GULFPORT -- The University of Southern Mississippi on Monday announced the formation of a new School of Ocean Science and Technology, which will be housed in the College of Science and Technology.
The school consolidates marine-related research and education programs under one administration and includes the Division of Marine Science based at the John C. Stennis Space Center in Hancock County; the USM Gulf Coast Research Laboratory and Division of Coastal Sciences in Ocean Springs; and the university's fleet of five research vessels.
"Through the new School of Ocean Science and Technology, the university will position itself as a national leader in marine science research," said Dr. Steven R. Moser, USM provost and senior vice president for academic affairs.
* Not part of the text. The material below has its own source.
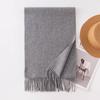 Solid Color Wool Scarf Women's Winter Wool Shawl High End Couple Style Tassel Scarf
The school's director will be Dr. Monty Graham, chair of the Division of Marine Science and interim director of the Gulf Coast Research Laboratory. He said the school is an alignment of existing programs, meant to increase research productivity, improve coordination of research programs and better opportunities for external funding.
The school will be the only one in North America to offer an undergraduate degree in marine science with an emphasis in hydrographic science.
"One of the most important results of creating this school is we are now bringing people of different disciplines together for profound research," said Dr. David Hayhurst, dean of the College of Science and Technology. "There is significant synergy within these different divisions that will allow a much broader stroke of scientific discoveries."
Graham said Coast residents, in particular, should benefit from the formation of the school.
"Before this school was created, the challenge to respond in the face of natural disasters like Hurricane Katrina or the 2010 oil spill was daunting; you had to go through multiple layers and a series of approvals before any action could be taken," he said. "With the new school creating a house for all of the resources to exist under a single unit, a response will be efficient and well organized."
After the oil spill, USM led the way in mapping and analyzing the oil spill's effects on the Gulf's ecosystem. Faculty and staff within GCRL and the Division of Marine Science began investigating and processing the damage as 200 million gallons of crude oil billowed into the Gulf of Mexico. Within two weeks after the initial explosion, the University assembled an Oil Spill Response Team to coordinate efforts in monitoring the spill's repercussions. More than six years after the spill, faculty continue to research and study the effects in Gulf waters.
About 60 guests and stakeholders gathered at the top of the Island View Casino Resort on Monday afternoon for the announcement and reception.
Graham said the school will gauge its success by "increased graduate and undergraduate enrollment, increased scholarly output by faculty, and meeting the educated workforce needs of the growing blue economy on the Mississippi Gulf Coast."
The research vessel fleet includes the new 60-foot R/V Jim Franks, completed in February, and the 135-foot R/V Point Sur, acquired by the University in February 2015. The R/V Point Suris the only oceanographic class research vessel home-ported in the northern Gulf of Mexico east of the Mississippi River.